Synthesis database: Potassium chlorate synthesis (via hypochlorite)
This is one of the most simple ways to synthesize potassium chlorate. Basically, this reaction is based on the thermal decomposition of sodium hypochlorite. After that, via the process of ion exchange, one can obtain potassium chlorate from sodium chlorate. The main reaction is:
3NaClO (aq) -› 2NaCl (aq) + NaClO3 (aq)
As a source of sodium hypochlorite, a solution used for bleaching was used which
contains around 5% of the mentioned compound. Thereby, the mass of NaClO per one
liter of this type of bleach, is around 50 grams, which is equal to 0.675 moles. The
reaction of thermal decomposition of the hypochlorite shows that from 3 moles of
NaClO, one mol of sodium chlorate is produced.
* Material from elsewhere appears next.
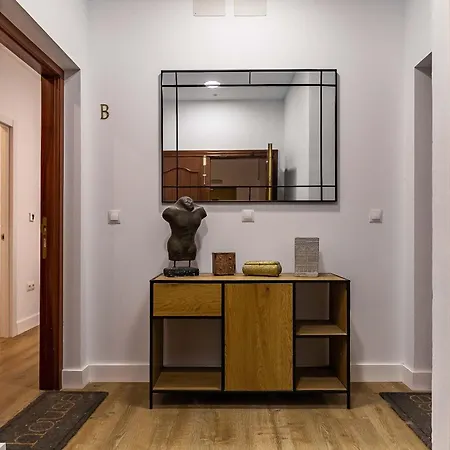 Soho Deluxe Center Apartman *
When one takes into account that in this
case, there is 0.675 moles of NaClO, it turns out that one should get around 0.225 moles
First, 1000 mL of the mentioned solution of hypochlorite is heated until it starts to boil, preferably in a stainless steel beaker. This solution is left to boil for around half on hour, until the volume of the solution drops to about 140 mL. After that, the solution is cooled gradually until room temperature is reached. Formation of solid sodium chloride can occur in this stage. Because of that, the solution can simply be filtered when it has cooled down. The chloride forms because, while cooling, the solution becomes supersaturated. In addition, the commercial liquid hypochlorite solutions also contain a certain amount of sodium chloride. Having in mind that even more NaCl is created in process of thermal decomposition, the supersaturation doesn't come unexpected.
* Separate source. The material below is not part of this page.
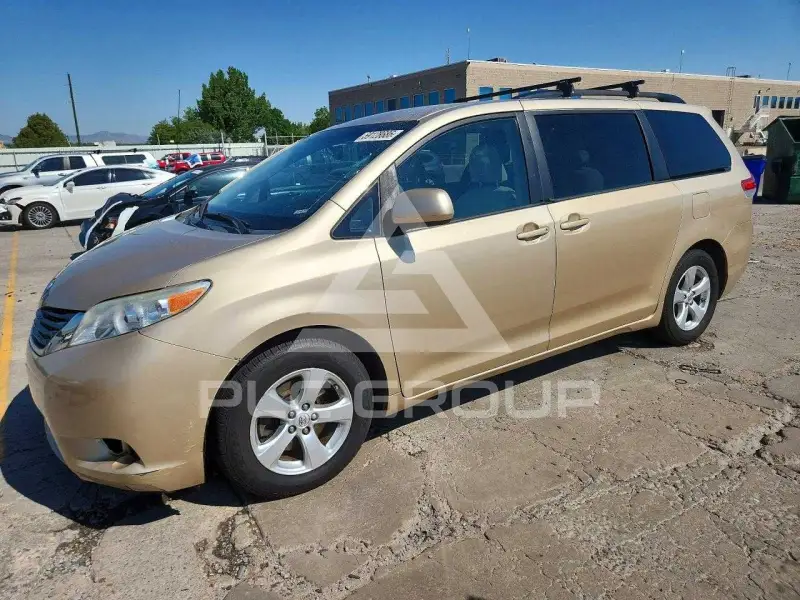 2013 Toyota SIENNA photo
After the solution cooled down, 17 grams of potassium chloride is added, and at the same time, the temperature of the solution is increased gradually. After all the potassium chloride is dissolved, the temperature is still increased until the boiling point is reached. After that moment, the solution is taken away from the heat source and is left to cool down to room temperature. Later, the solution is cooled further by placing it in the fridge at the minimal temperature that can be achieved. Already at 0 °C, a decent amount of potassium chlorate crystals should be visible.
These crystals are the final product - potassium chlorate. Since they are still in the solution, they need to be filtered. The remaining liquid can be heated again until the volume of the solution is even further reduced. After that, the remaining solution is cooled once again, in order to extract as much crystals from the solution, as possible.
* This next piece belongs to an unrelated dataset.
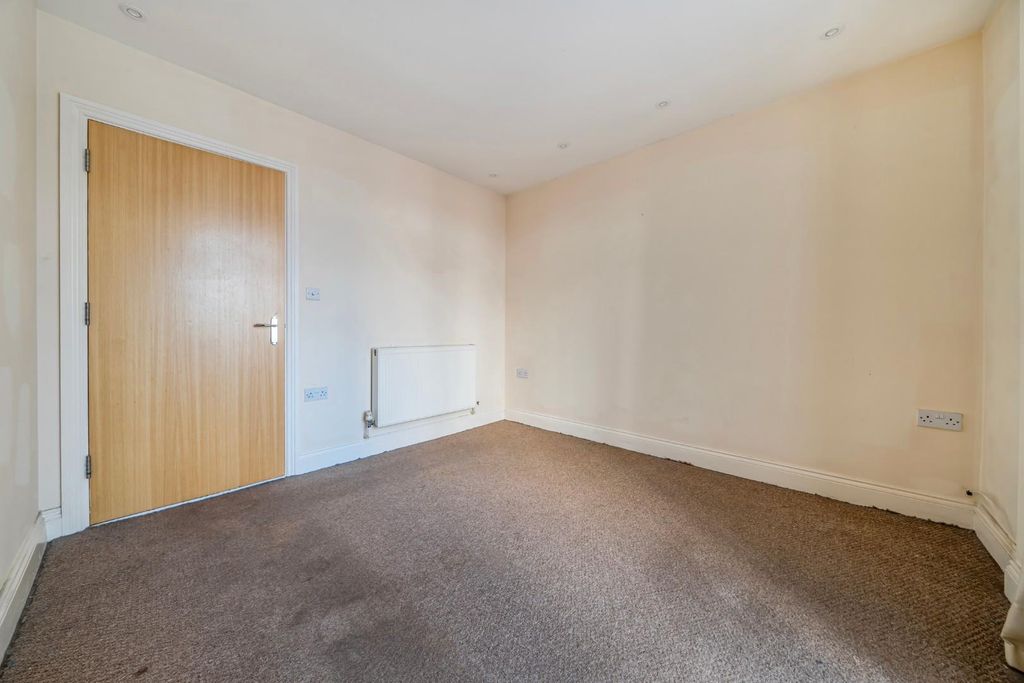 Additional image 14 of 2 bed flat for saleLondon Road, Portsmouth PO2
After the mentioned step, the two batches of potassium chlorate can be mixed together. The mass of the crystals that were produced in the described synthesis was 14.1 grams. After the eventual weighing of the KClO3, the crystals are placed in a container, which is then placed in a larger container containing a common dessicant - silica gel. After spending a day in a closed container with silica gel, the potassium chlorate crystals were completely dry and ready to be safely stored.